Susan Rice, a National Security Council senior aide and State Department official under Mr. Clinton who now advises Mr. Obama, said Mrs. Clinton was not involved in “the heavy lifting of foreign policy.” Ms. Rice also took issue with a recent comment by a Clinton campaign official that Mrs. Clinton was “the face of the administration in foreign affairs.”
“Making tough decisions, responding to crises, making the bureaucracy implement decisions that they may not want to implement — that’s the hard part of foreign policy,” Ms. Rice said. “That’s not what Mrs. Clinton was asked or expected to do as first lady.”
That’s rather important stuff. Of critical important, I think, is her lack of a security clearance. As a member of the Senate Armed Services Committee, she now has clearance to greater intelligence and military information than she did while in the White House. She didn’t know all the information, and she didn’t sit in on the most critical and classified decisions. Given that today’s most pressing security issues—terrorism, war, and nuclear proliferation—revolve heavily around intelligence and classified material, its seems reasonable to question whether or not her experience is relevant, as she didn’t directly deal with these things as First Lady. While she certainly had her share of tough decisions to make, none of them were based on national security intelligence.
On the other hand, there’s the case for:
Her role mostly involved what diplomats call “soft power” — converting cold war foes into friends, supporting nonprofit work and good-will endeavors, and pressing her agenda on women’s rights, human trafficking and the expanded use of microcredits, tiny loans to help individuals in poor countries start small businesses….
Friends of Mrs. Clinton say that she acted as adviser, analyst, devil’s advocate, problem-solver and gut check for her husband, and that she has an intuitive sense of how brutal the job can be. What is clear, she and others say, is that Mr. Clinton often consulted her, and that Mrs. Clinton gained experience that Mr.
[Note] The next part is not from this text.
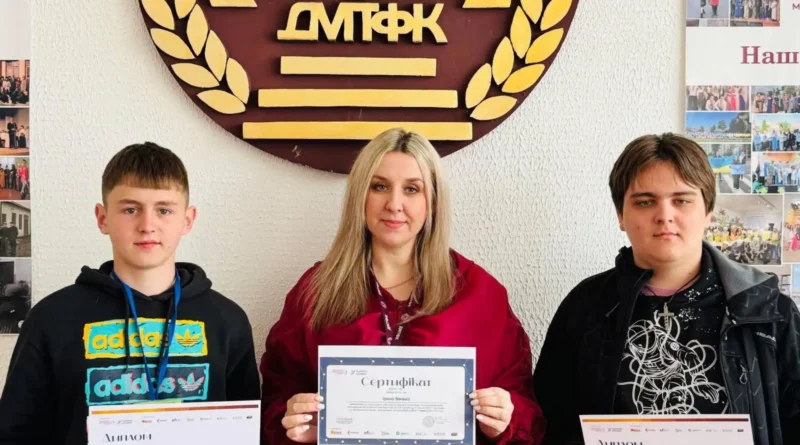 Студенти з Дрогобича — у національному фіналі економічної олімпіади Бендукідзе 2025–26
Obama, John Edwards and every other candidate lack — indeed, that most incoming presidents did not have.
One of the primary criticisms that all Democrats are levying against the Bush Administration is its squandering of soft-power resources, decimating the US’s image abroad. Clinton’s demonstrated experience and sensitivity to soft power tools, her experience “converting… foes into friends” is central to all the Democrats’ foreign policy platforms. While it may be impossible to prepare for the pressures and demands of the Presidency, she has a better idea of what to expect than anything else. You’d have to go back to George Bush I (VP, CIA Director, UN Ambassador), and before him, Nixon (VP) (and that worked out oh-so well….) for comparable White House experience.
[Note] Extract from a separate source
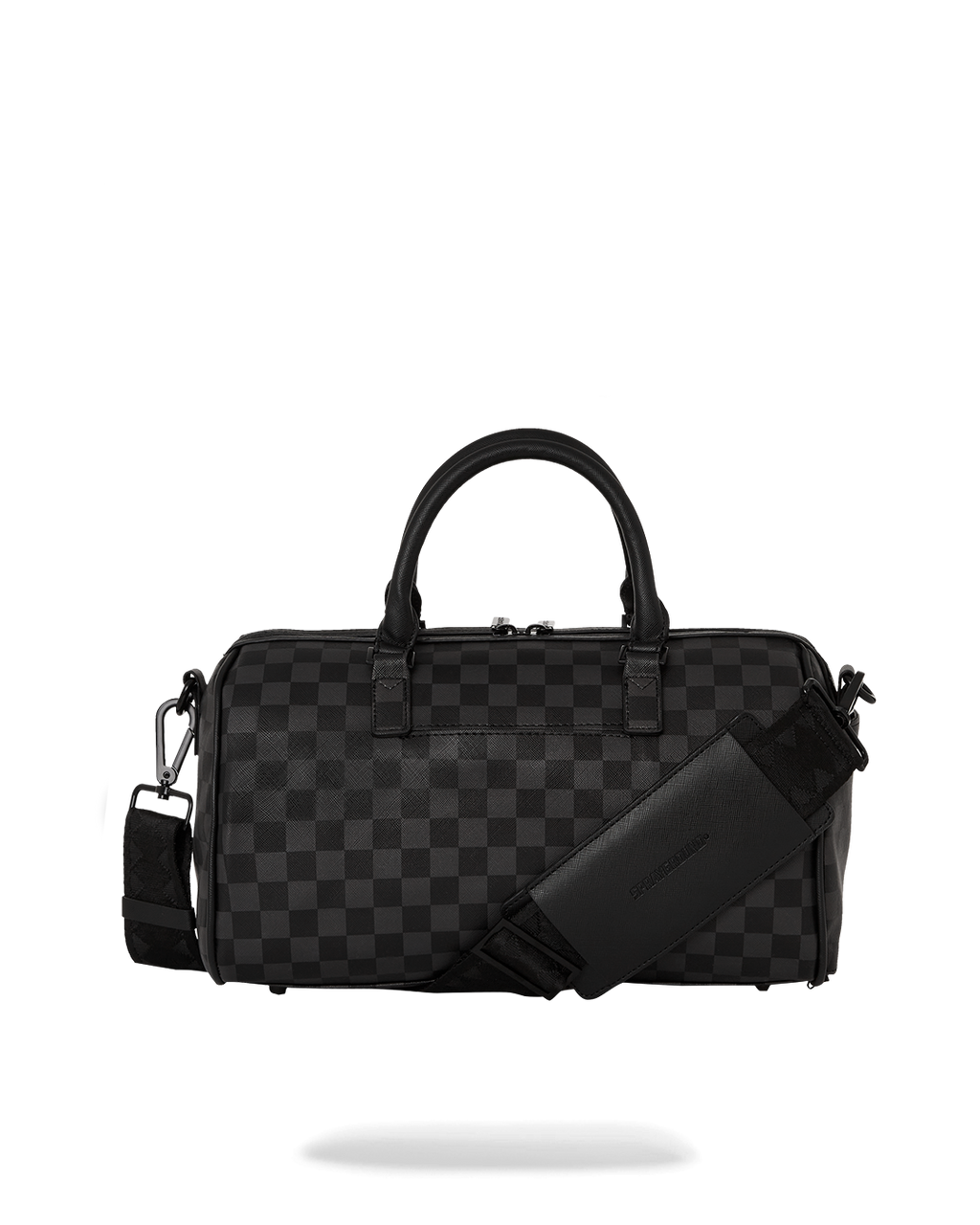 WHAT THE BEEP' SHARK MINI DUFFLE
So, the question is open: How do we value resume experience as First Lady? How ought we count it, and how should it be discussed on the campaign trail? This is a tough one, one I don’t think we’ve adequately addressed, in part, because we don’t have a language for discussing the professional aspects of spousal duties. In the contemporary Washington power couple, each person as an independent career—he’s Senate Minority Leader, she’s Secretary of Labor… he (was) an Ambassador, she (was) a Spy—so each defines experience on the basis of individual accomplishments. The spouse doesn’t have to define his or her political role vis-à-vis the other. Of course, none of these spousal positions come with a a title, stationary, or an East Wing office. Hence the question—how do we value Hillary’s East Wing experience as she seeks a term in the West Wing?